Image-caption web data

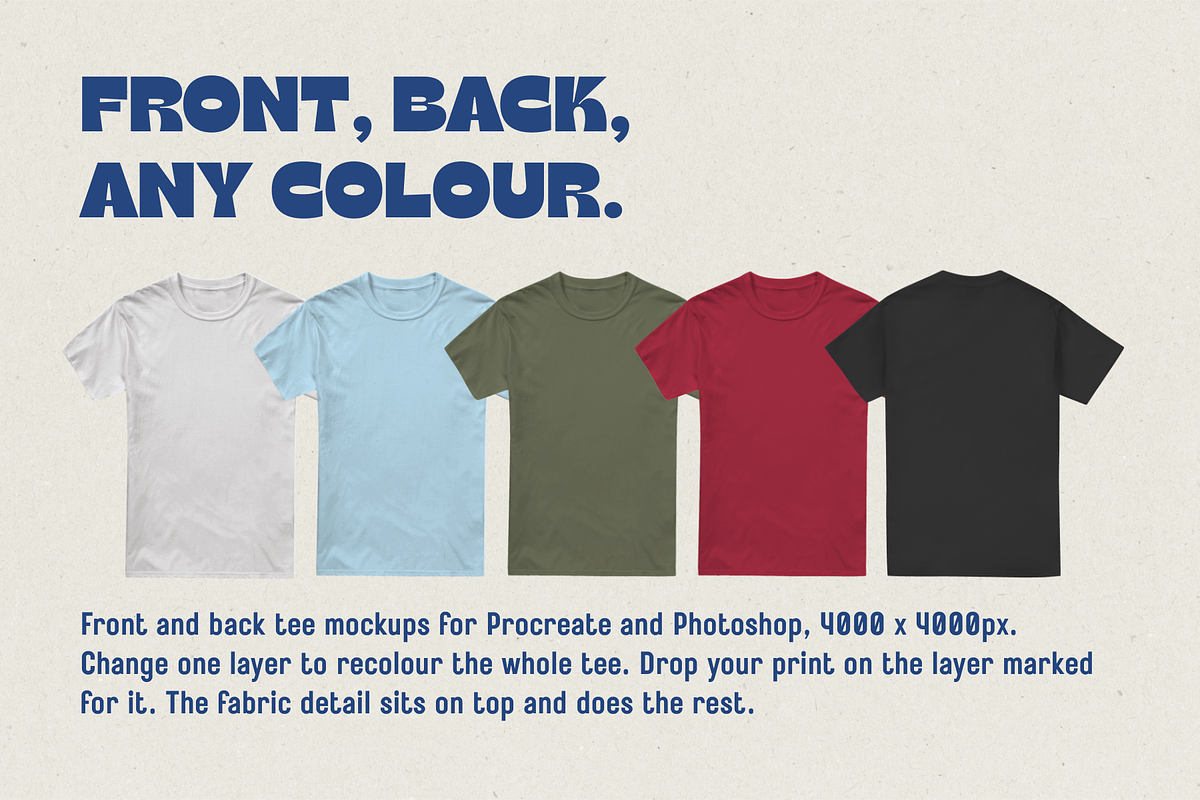 T-Shirt Merch Print Kit + Mockups, a Palette Add-On by Rebus Illustration (Photo 7 of 9)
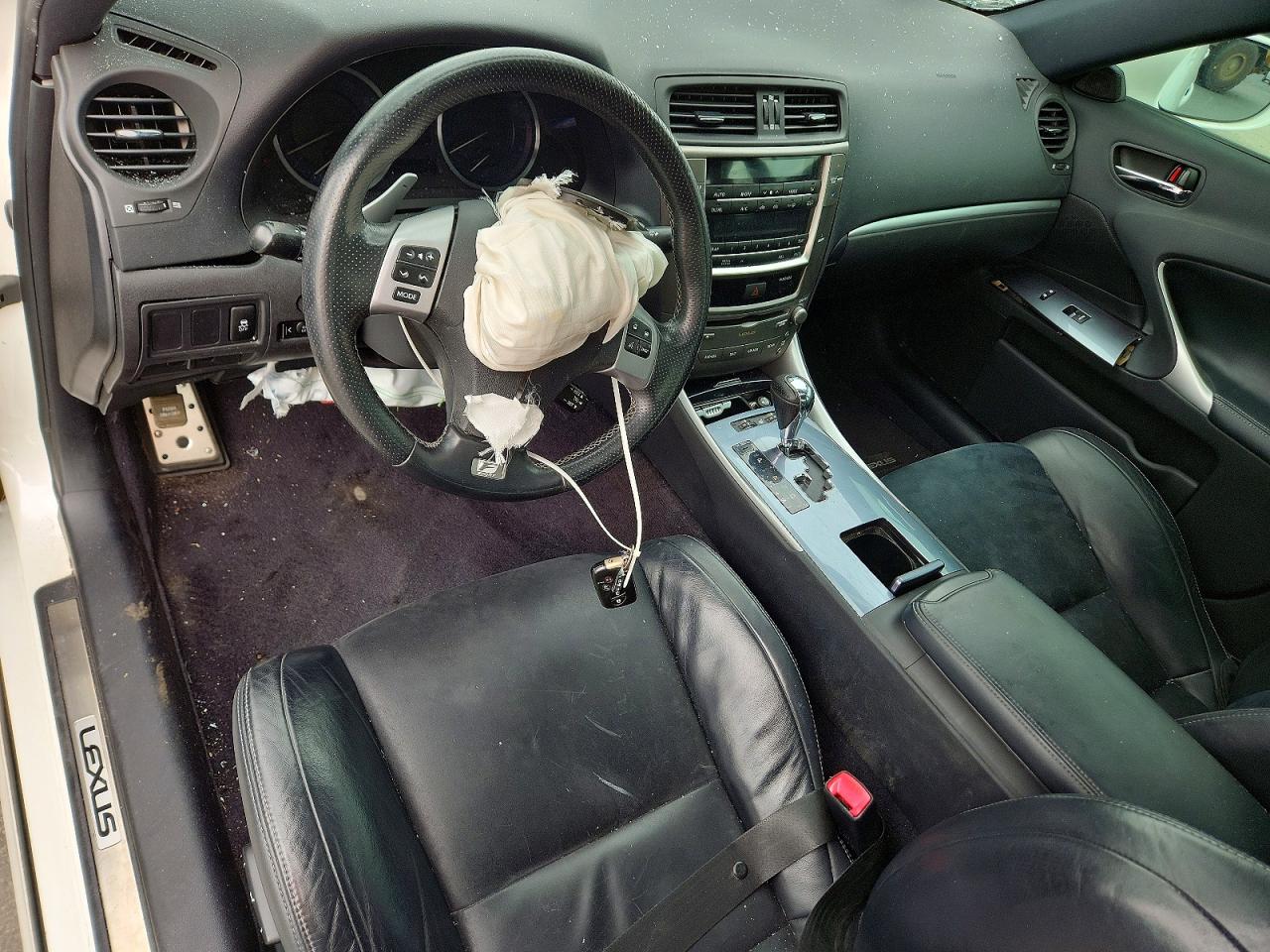 2012 Lexus Is 250 White vin: JTHBF5C28C5181520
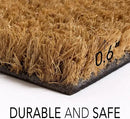 PLUS Haven Pure Coco Coir Doormat with Heavy-Duty Backing (Hello 1) by CozyNest Decor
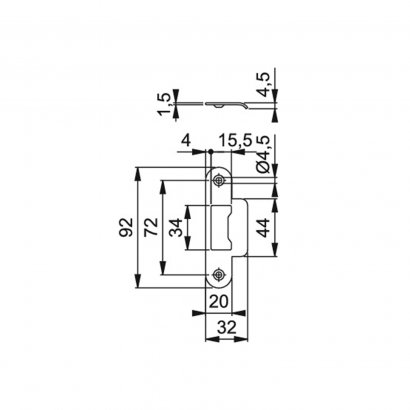 Запорная планка HOPPE HCS SB-C F69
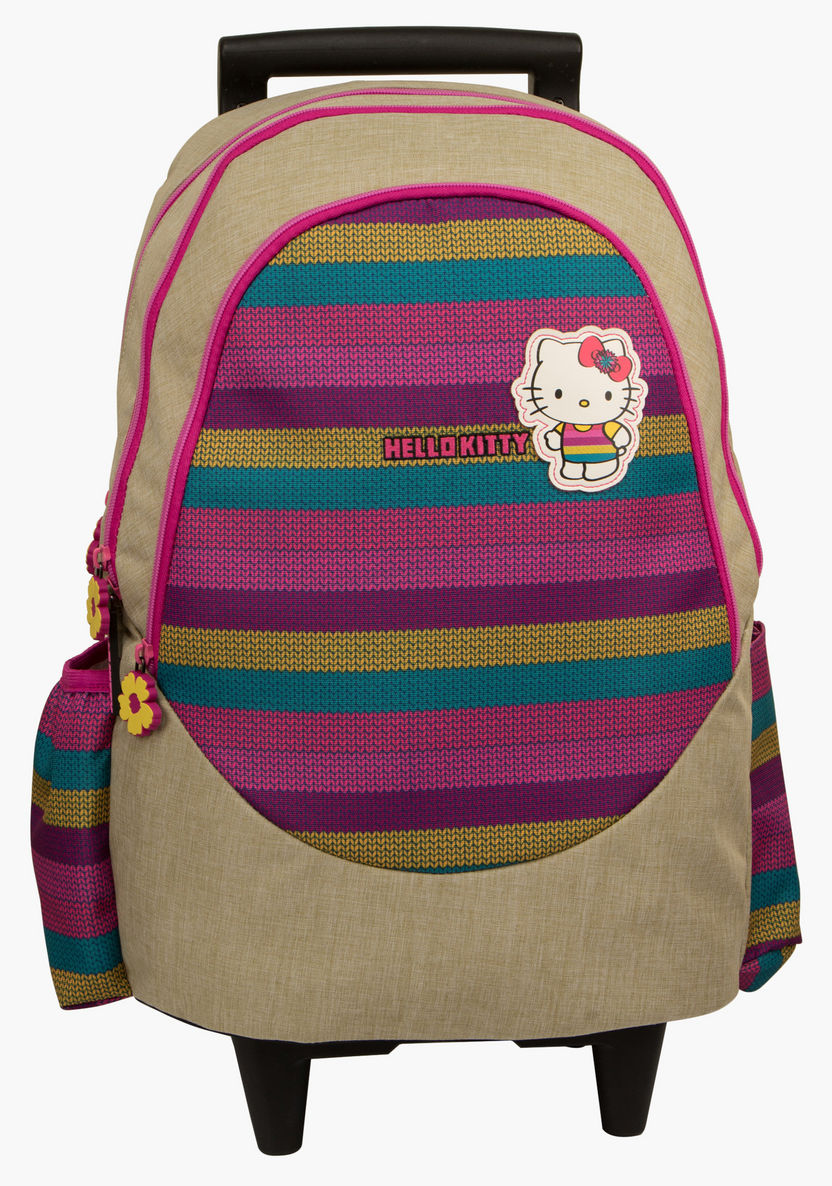 Hello Kitty Printed Trolley Backpack - 18 inch-Trolleys-image-0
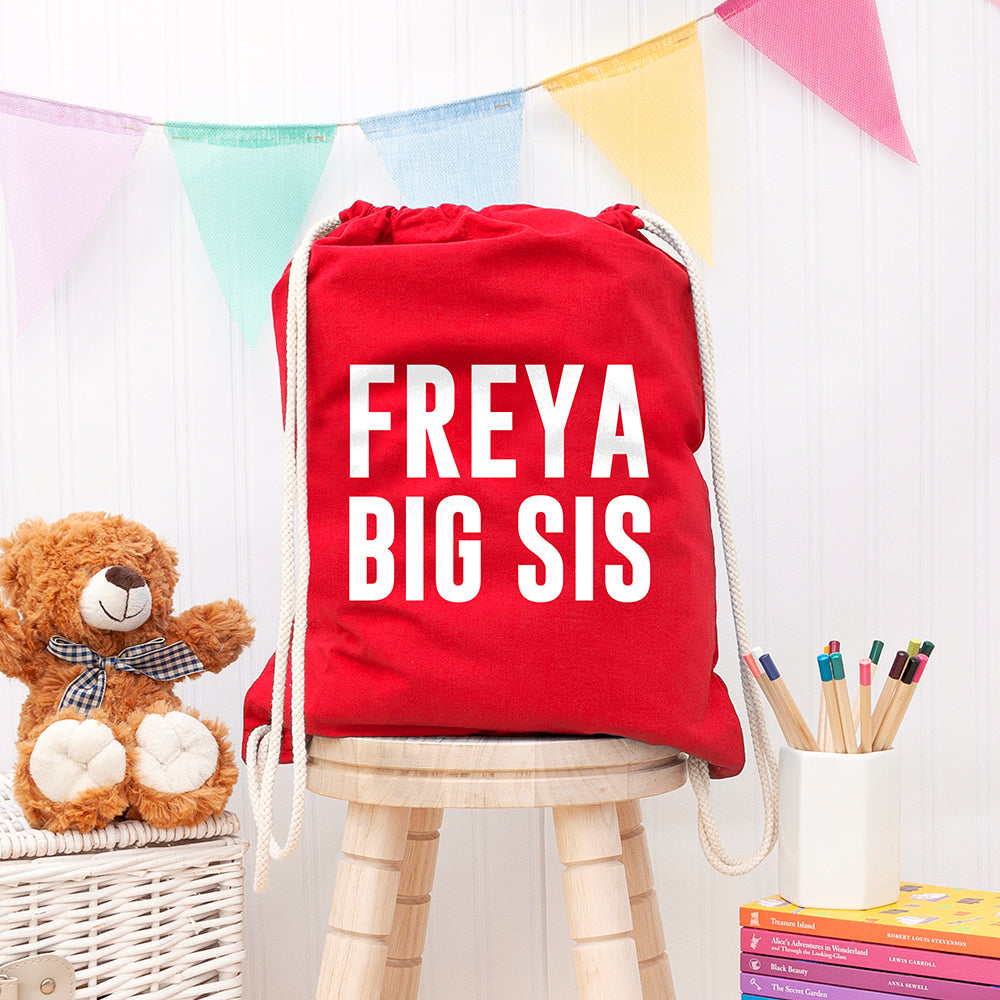 Girl's Personalised Sister Gym Bag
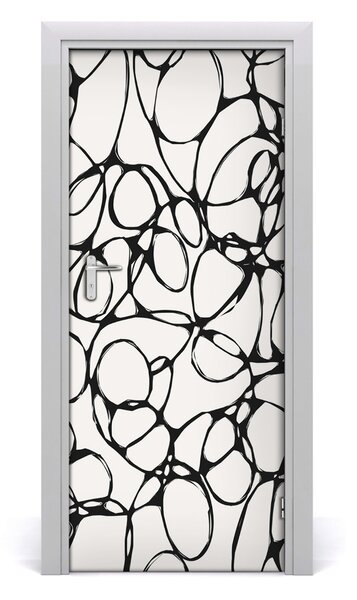 Fototapeta na dvere chaotická kolesá 85x205 cm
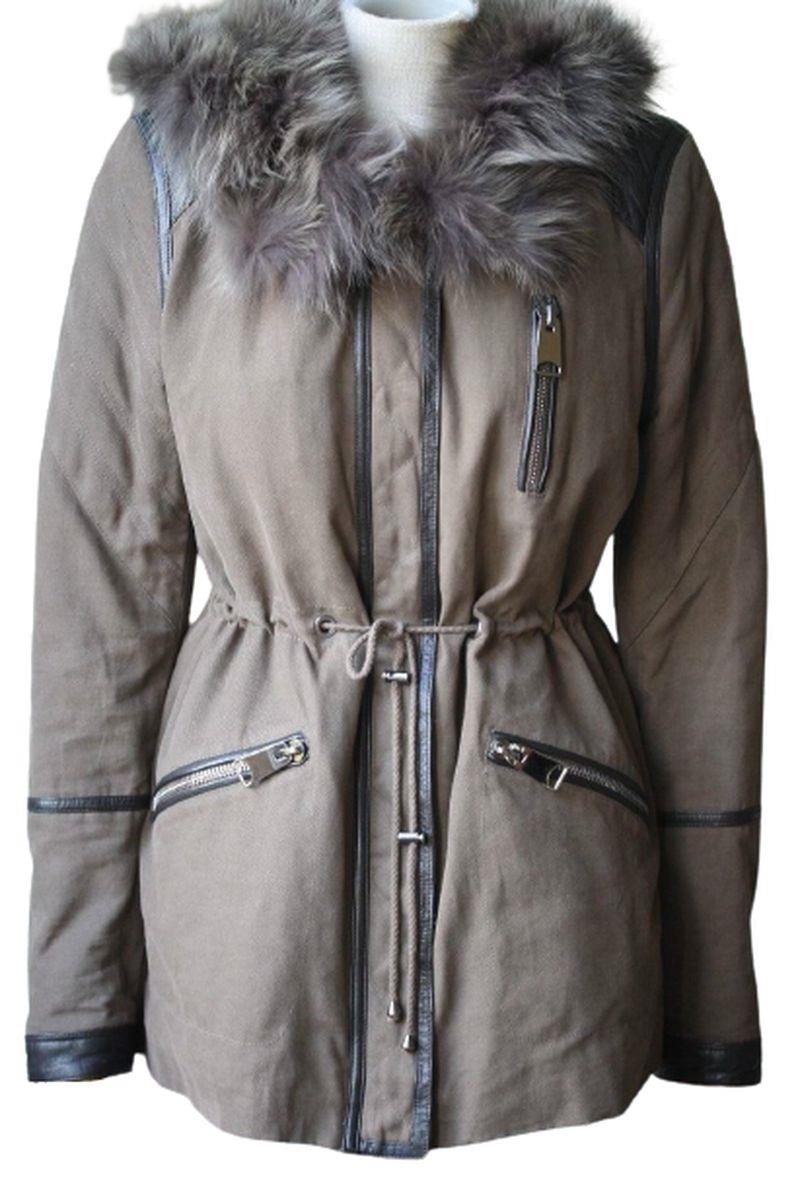 image of NATACHA AND VANESSA PARKA JACKET SZ 40 UK 8/10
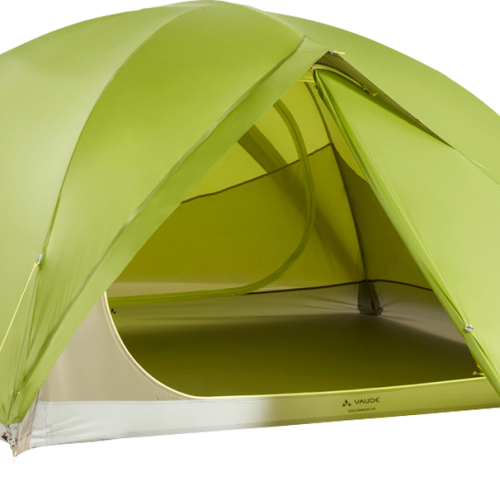 Vaude Space Seamless Ultraleicht Kuppelzelt cress green für 3 Personen - 3-Personen Zelte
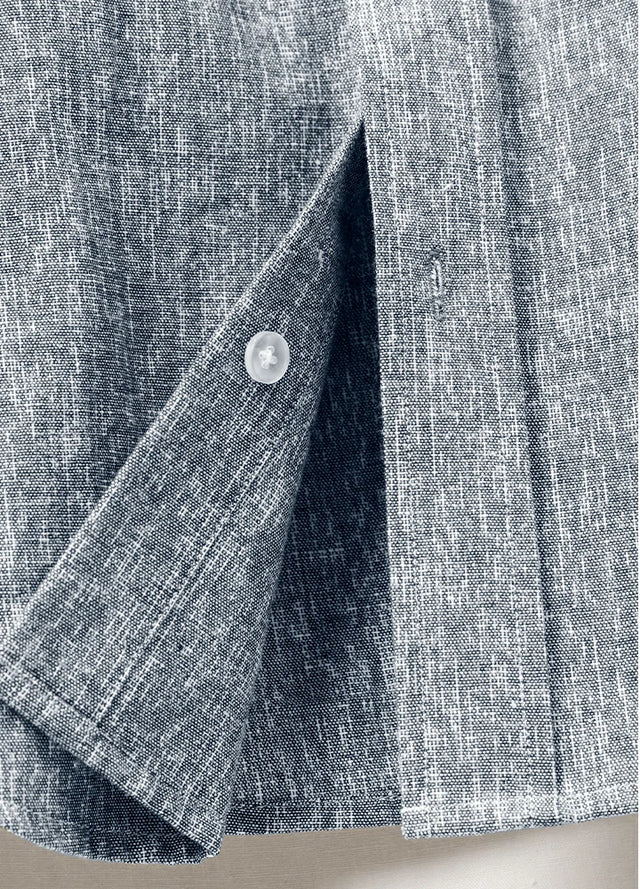 Men's Urban Linen Cotton Short Sleeve Shirt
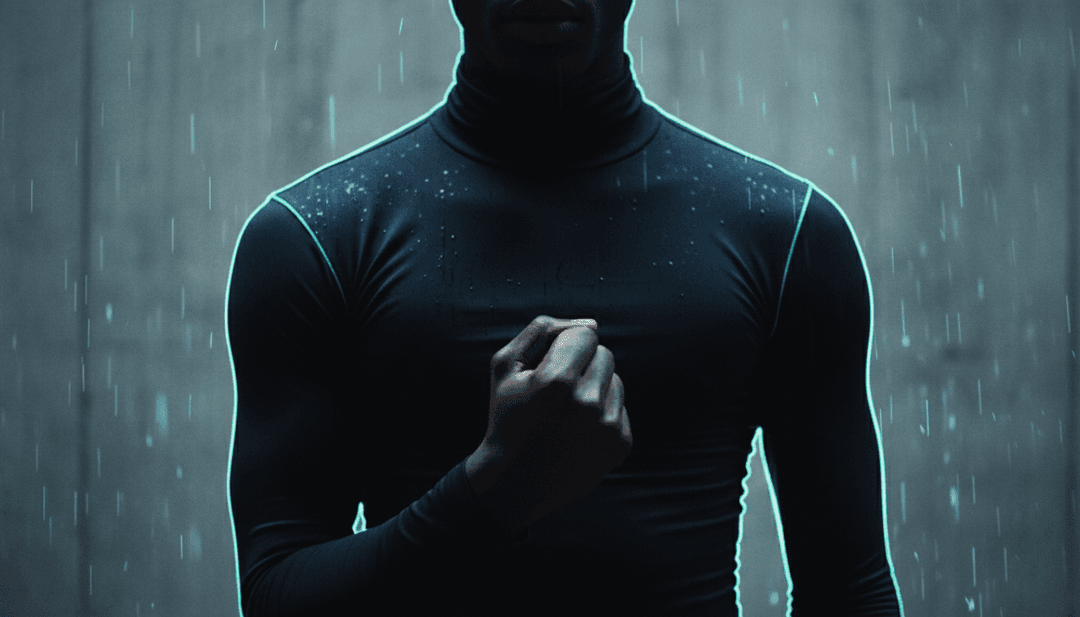 L'AI analizza le onde sonore di 'Appetite' di Chris Lorenzo, visualizzando ritmi house e techno pulsanti con linee di dati vibranti.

◆ **ABOUT THIS TASK**
Repeat each record verbatim, pictures excluded.

◆ **SOLUTION FOR THIS EXERCISE**
 T-Shirt Merch Print Kit + Mockups, a Palette Add-On by Rebus Illustration (Photo 7 of 9)
 2012 Lexus Is 250 White vin: JTHBF5C28C5181520
 PLUS Haven Pure Coco Coir Doormat with Heavy-Duty Backing (Hello 1) by CozyNest Decor
 Запорная планка HOPPE HCS SB-C F69
 Hello Kitty Printed Trolley Backpack - 18 inch-Trolleys-image-0
 Girl's Personalised Sister Gym Bag
 Fototapeta na dvere chaotická kolesá 85x205 cm
 image of NATACHA AND VANESSA PARKA JACKET SZ 40 UK 8/10
 Vaude Space Seamless Ultraleicht Kuppelzelt cress green für 3 Personen - 3-Personen Zelte
 Men's Urban Linen Cotton Short Sleeve Shirt
 L'AI analizza le onde sonore di 'Appetite' di Chris Lorenzo, visualizzando ritmi house e techno pulsanti con linee di dati vibranti.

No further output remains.